Opened 18 years ago

Last modified 18 years ago

#28 assigned defect

DBCS don't work properly

Reported by: dmik Owned by: dmik
Priority: normal Milestone:
Component: kernel Version: 3.3.1-rc06
Severity: normal Keywords:
Cc: DBCS Japanese

Description

DBCS characters can neither be entered nor displayed correctly. For example, if you set codepage 932 as the system default code page (provided that you have Japanese fonts and other resources installed), open the Qt font dialog, select Times New Roman MT 30 and select, say, the Katakana or Han script (which produces 41 61 42 62 83 4F 83 5F 83 6F 83 80 and 41 61 42 62 90 9F E4 70 8C 65 E8 D9 byte sequences in the Sample field, respectively), you will get Japanese characters overlaid each other. Also, there are reports that it's impossible to enter characters using IME (Input Method Editor).

Attachments (1)

qt3pko.zip (96.1 KB ) - added by komh 18 years ago.

Download all attachments as: .zip

Change History (9)

by komh, 18 years ago

Attachment: qt3pko.zip added

comment:1 by komh, 18 years ago

Patches for DBCS intput/output. Sometimes input box is misplaced a little.

comment:2 by dmik, 18 years ago

Status: newassigned

Dear Myung-Hun, thank you for the patches.

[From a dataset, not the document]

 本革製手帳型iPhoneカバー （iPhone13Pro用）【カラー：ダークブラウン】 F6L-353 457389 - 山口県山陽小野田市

I will check and commit them tomorrow: your changes in qapplication_pm.cpp (KC_CHAR and zero checks) may cause regressions for SBCS codepages in processing of Ctrl/Alt-letter combinations.

Regarding the input box position. Qt doesn't use PM focus (it handles all focus traversal logic on its own) and doesn't update the PM cursor position, so in order to get the correct "caret position" one needs to detect the widget class and use an appropriate way to query the coordinates of whatever the "caret position" for this widget class is. Also, I think we should return QCP_NOCONVERT in response to WM_QUERYCONVERTPOS for those widgets that don't have any "caret position" at all (for example, QFrame, QLabel, QPixmap, etc).

Btw, if you know how to check DBCS input/output w/o installing a DBCS version of OS/2, please share this knowledge to let me test things locally. If I simply set, say, codepage 932 on my SBCS eCS, nothing works as it should of course.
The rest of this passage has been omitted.